→ PROBLEM
Stopping right after the line with "Large Gaming Mouse", please reproduce the material below exactly from its first line.

→ MATERIAL FOR THIS EXERCISE
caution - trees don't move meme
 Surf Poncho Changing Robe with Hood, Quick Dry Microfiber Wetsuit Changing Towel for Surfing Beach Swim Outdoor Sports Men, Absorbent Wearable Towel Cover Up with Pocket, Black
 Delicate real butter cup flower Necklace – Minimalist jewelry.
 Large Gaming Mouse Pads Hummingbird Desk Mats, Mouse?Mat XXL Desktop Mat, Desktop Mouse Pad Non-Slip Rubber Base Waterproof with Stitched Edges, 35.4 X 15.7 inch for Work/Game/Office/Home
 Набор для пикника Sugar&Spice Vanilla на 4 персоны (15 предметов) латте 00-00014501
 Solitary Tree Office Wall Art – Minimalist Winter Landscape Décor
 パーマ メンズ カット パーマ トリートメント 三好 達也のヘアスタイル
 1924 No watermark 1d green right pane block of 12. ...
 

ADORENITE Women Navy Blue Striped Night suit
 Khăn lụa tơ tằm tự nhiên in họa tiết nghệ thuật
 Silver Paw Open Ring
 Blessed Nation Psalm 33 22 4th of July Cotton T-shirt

→ ANSWER TO THE EXERCISE
caution - trees don't move meme
 Surf Poncho Changing Robe with Hood, Quick Dry Microfiber Wetsuit Changing Towel for Surfing Beach Swim Outdoor Sports Men, Absorbent Wearable Towel Cover Up with Pocket, Black
 Delicate real butter cup flower Necklace – Minimalist jewelry.
 Large Gaming Mouse Pads Hummingbird Desk Mats, Mouse?Mat XXL Desktop Mat, Desktop Mouse Pad Non-Slip Rubber Base Waterproof with Stitched Edges, 35.4 X 15.7 inch for Work/Game/Office/Home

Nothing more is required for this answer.